I've got an RNA-Seq project that got more complicated when it became apparent the reference genome was more different from my strains than anticipated. I'm trying to figure out the best (or least bad) sequence to map my reads against, and could use some help, since I am probably overthinking things at this point.
Things I have:
- Two bacterial strains (A and B). B was generated by random chemical mutagenesis of A (number & type of mutations are unknown.) They turn out to be different enough from the type strain C that they may constitute a distinct substrain.
- Timecourse RNA-Seq data for both A & B (single, not paired end). Multiple timepoints per biological sample, several biological replicates.
- Closed, annotated reference genome for the type strain C.
- Incomplete draft genomes for both A & B (Illumina sequencing). However, they're split across too many contigs. There are some low-complexity regions, near-identical gene copies, and other features that complicate assembly, along with some reads from a difficult-to-eradicate contaminant strain. Multiple assembly methods still leave them a bit of a mess.
- Simple variant calling for A & B against C using the reads obtained for the A & B draft genomes.
- It will be hard to convince other people on this project to spend the money to close or significantly improve the A & B drafts via PacBio or something unless it really is necessary. We didn't originally budget for genome sequencing.
Data I want to be able to assemble:
- Differential gene expression within one substrain (A-only or B-only) across timepoints or between A & B at one timepoint (nothing fancy - pairwise DESeq2 comparisons and I may also try some timecourse-focused tools).
- There are genes of particular interest that are directly affected by assembly issues in the current A & B draft genomes. I nevertheless want to make sure that my differential gene expression analyses for them are as decent as possible.

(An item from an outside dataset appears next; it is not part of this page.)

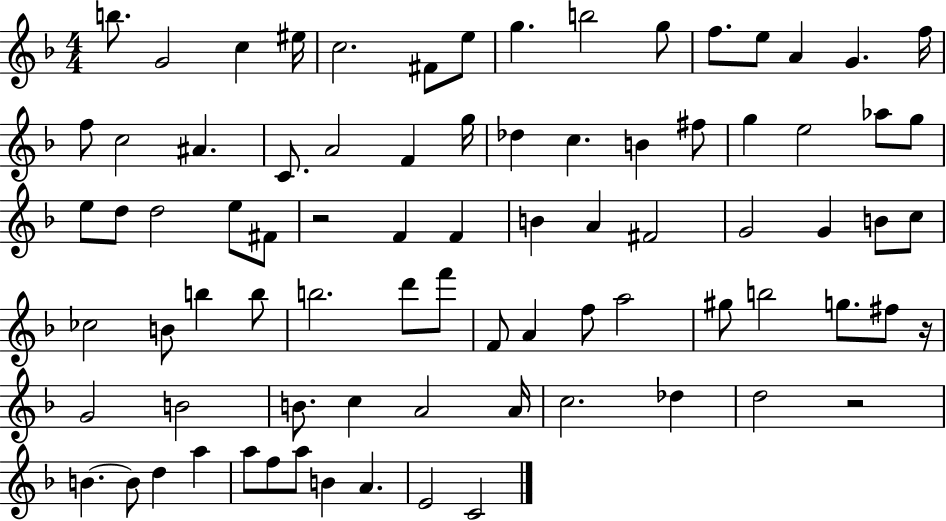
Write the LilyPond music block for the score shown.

- I want to be reasonably sure about any differences in gene sequences for A & B vs. C, for interpreting paired proteomics data.
Concerns I have about about mapping my A/B RNA-Seq reads against specific sequences:
- If I align the A & B RNA-Seq reads against their respective draft genomes, it seems to me that there may be some gene-specific problems due to genome assembly issues. For example, I know at least one gene of interest is split across two contigs, and there are (known) duplicated genes that may be mis-counted because they show up as 1 tiny contig in the draft.

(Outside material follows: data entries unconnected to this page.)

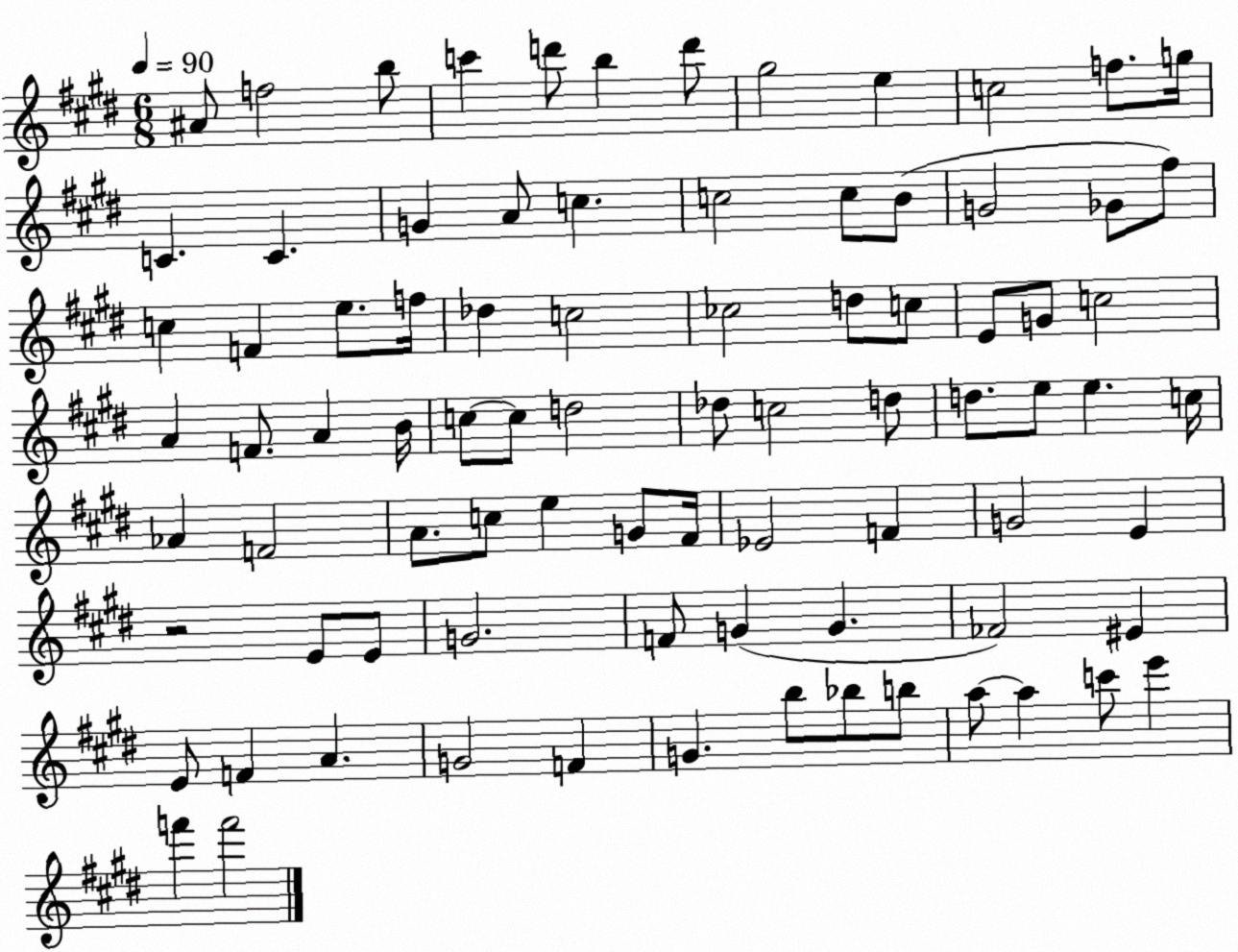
X:1
T:Untitled
M:6/8
L:1/4
K:E
^A/2 f2 b/2 c' d'/2 b d'/2 ^g2 e c2 f/2 g/4 C C G A/2 c c2 c/2 B/2 G2 _G/2 ^f/2 c F e/2 f/4 _d c2 _c2 d/2 c/2 E/2 G/2 c2 A F/2 A B/4 c/2 c/2 d2 _d/2 c2 d/2 d/2 e/2 e c/4 _A F2 A/2 c/2 e G/2 ^F/4 _E2 F G2 E z2 E/2 E/2 G2 F/2 G G _F2 ^E E/2 F A G2 F G b/2 _b/2 b/2 a/2 a c'/2 e' f' f'2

- If I align the A & B RNA-Seq reads against C, that avoids the draft genome issues seen for A/B, but obviously there will be more mismatches, which may affect analysis of differential expression in a non-uniform way, and which won't catch any areas where the differences may be too large to map reads to C at all.
- If I align the A & B RNA-Seq reads against pseudo-reference sequences, generated by using the A & B variant calling data to modify the C reference genome, I may also run into other issues related to variant calling artifacts.
What's the least-bad way to try to analyze this dataset?